§ ASSIGNED TASK
Please repeat each line below exactly, with no images in the copy.
+++ DATA FOR THE TASK +++
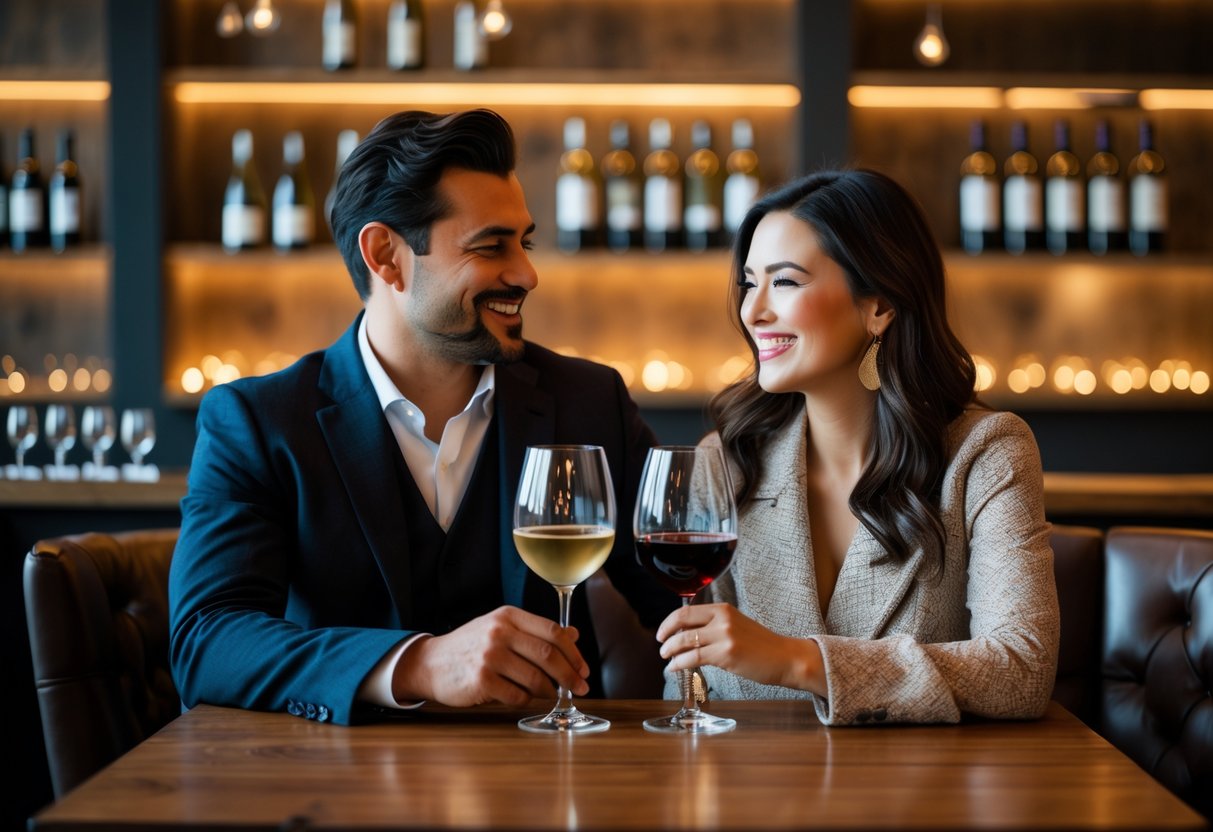 A couple enjoying wine tasting together at a cozy table inside a winery with shelves of wine bottles in the background.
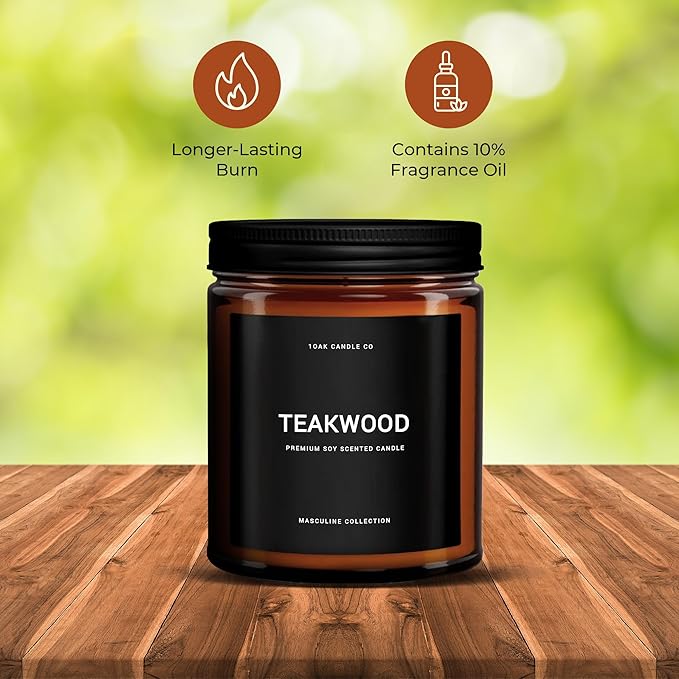 1OAK Scented Candles for Men - Teakwood & Masculine - Soy Wax, Long Burning Premium-HomvellaHome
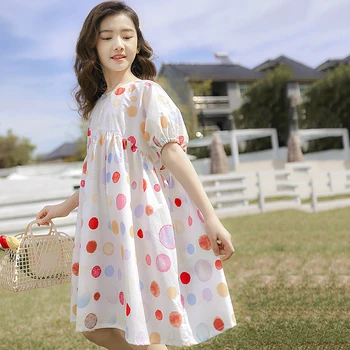Paauglių Mergaičių Medvilnės Atsitiktinis Suknelė Vasaros 2021 Naujų Vaikai Korėjos Stilius Laisvas Mielas Polka Dot Princesė Drabužiai Nėra Skaidri, #9449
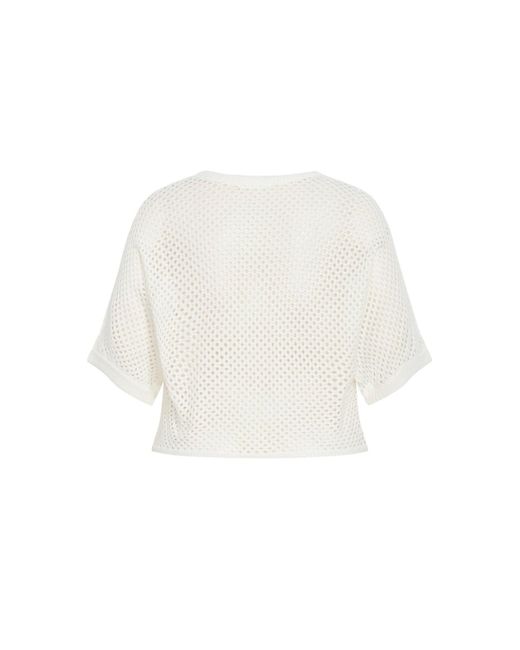 City Chic White Plus Size Crochet Knit Top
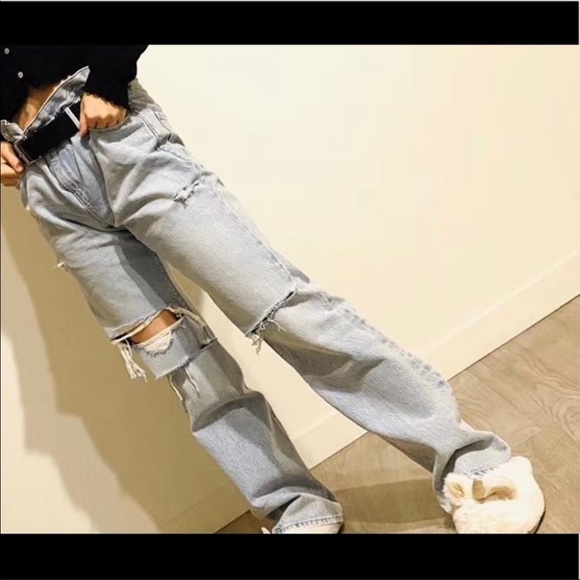 Intermix rta jeans women’s medium m $355 NWT new boyfriend distressed belt - Picture 5 of 12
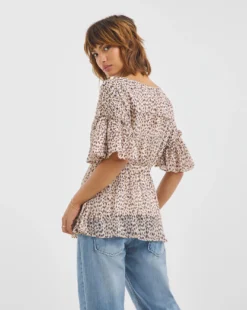 Jo Printed Fluted Sleeve Blouse -Cheap Vextalia Store x01wi439733w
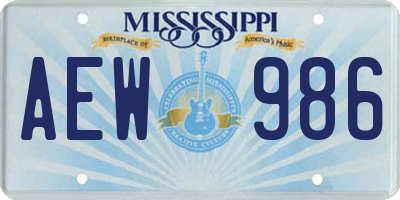 MS license plate AEW986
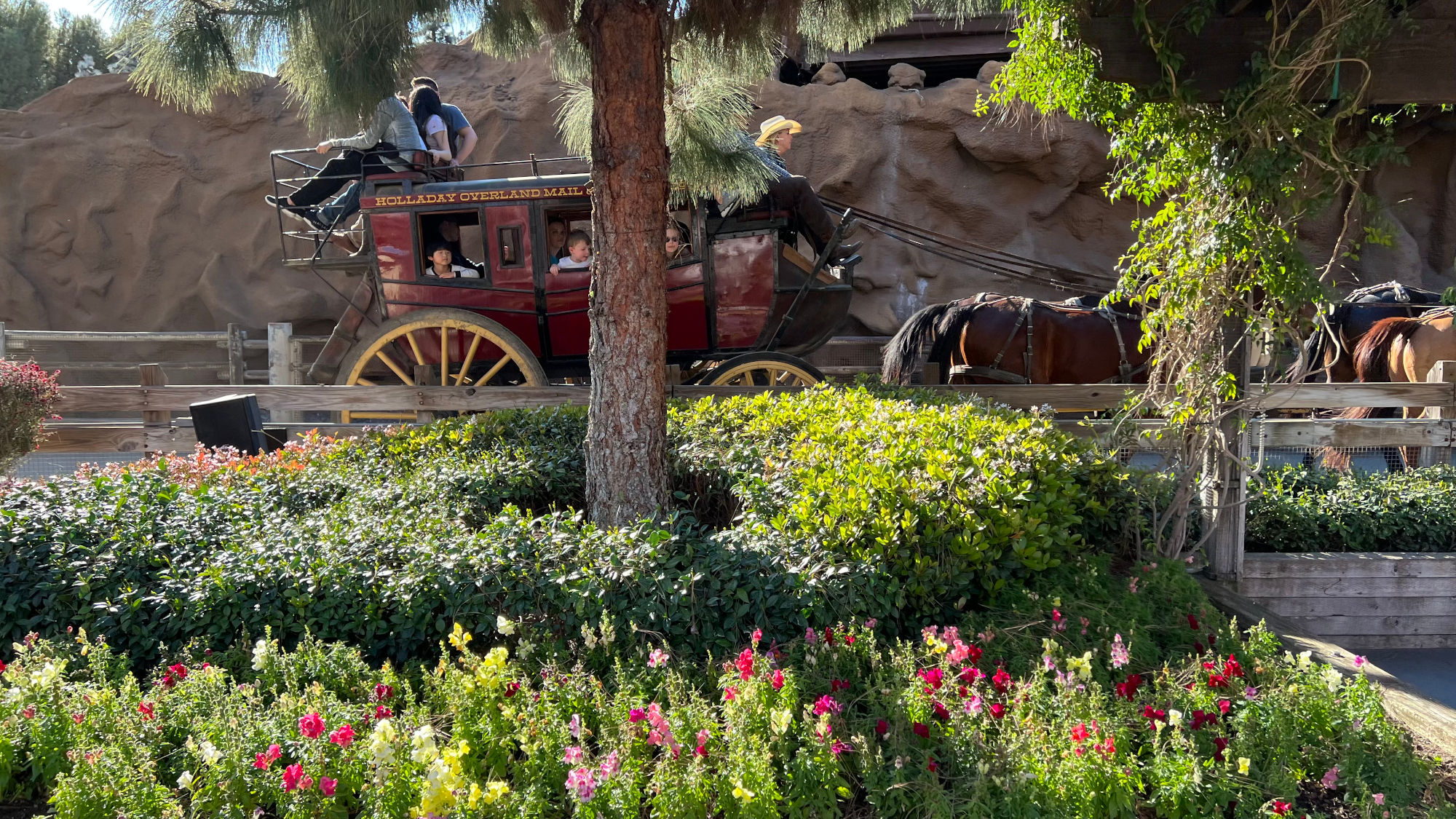Butterfield Stagecoach riding by Santa Barbara Mission model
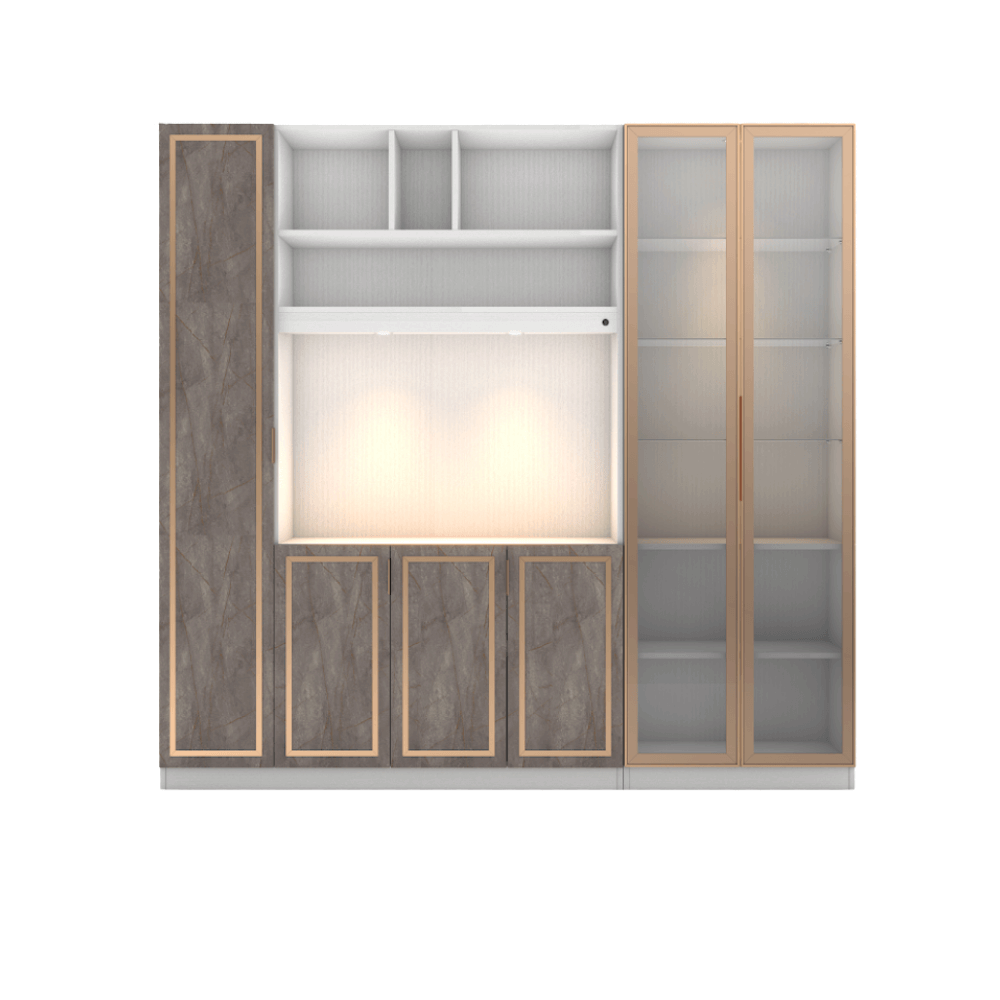 ตู้วางทีวี WISDOM DESIGN FURNITURE รุ่น GW-242 240 ซม. สีขาว/บราวน์มาร์เบิ้ล/โกลด์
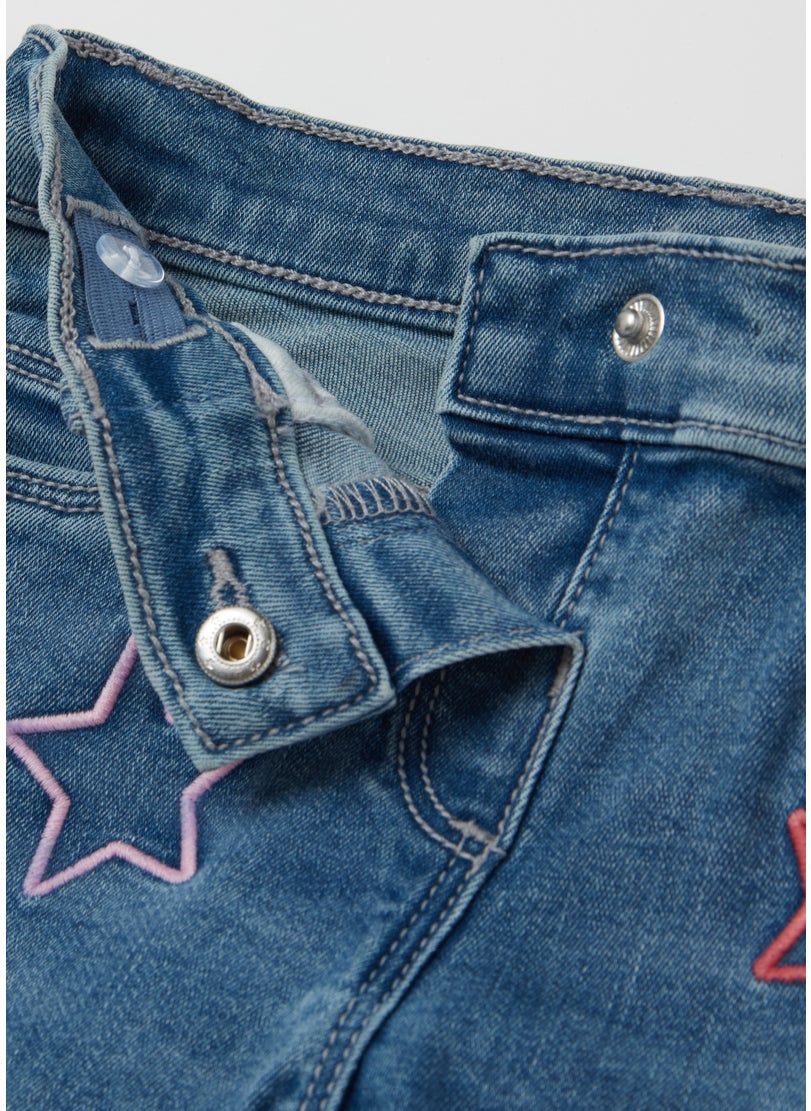 Jeans with multicoloured stars embroidery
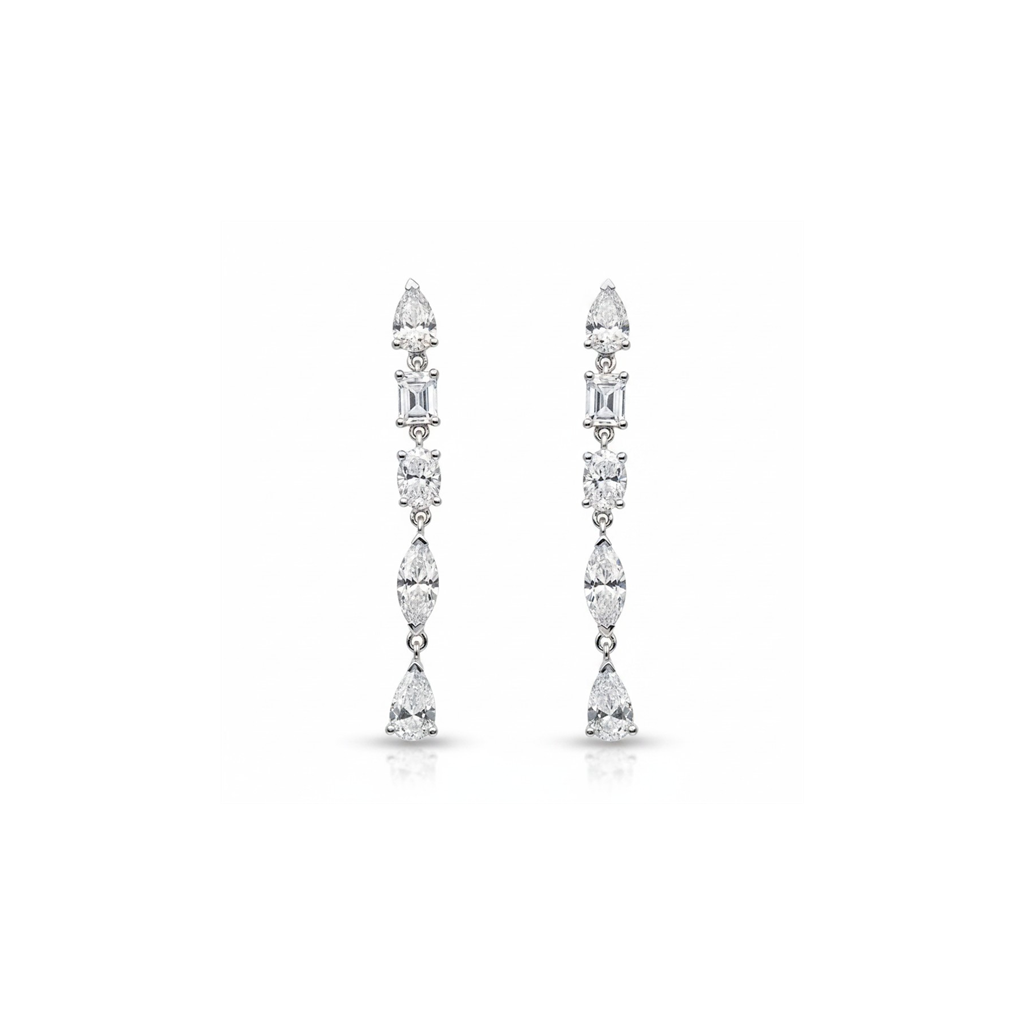 18KT White Gold 3.10ct Multi-Shape Diamond Drop Earrings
+++
§ EXPECTED ANSWER
 A couple enjoying wine tasting together at a cozy table inside a winery with shelves of wine bottles in the background.
 1OAK Scented Candles for Men - Teakwood & Masculine - Soy Wax, Long Burning Premium-HomvellaHome
Paauglių Mergaičių Medvilnės Atsitiktinis Suknelė Vasaros 2021 Naujų Vaikai Korėjos Stilius Laisvas Mielas Polka Dot Princesė Drabužiai Nėra Skaidri, #9449
 City Chic White Plus Size Crochet Knit Top
 Intermix rta jeans women’s medium m $355 NWT new boyfriend distressed belt - Picture 5 of 12
 Jo Printed Fluted Sleeve Blouse -Cheap Vextalia Store x01wi439733w
 MS license plate AEW986
Butterfield Stagecoach riding by Santa Barbara Mission model
 ตู้วางทีวี WISDOM DESIGN FURNITURE รุ่น GW-242 240 ซม. สีขาว/บราวน์มาร์เบิ้ล/โกลด์
 Jeans with multicoloured stars embroidery
 18KT White Gold 3.10ct Multi-Shape Diamond Drop Earrings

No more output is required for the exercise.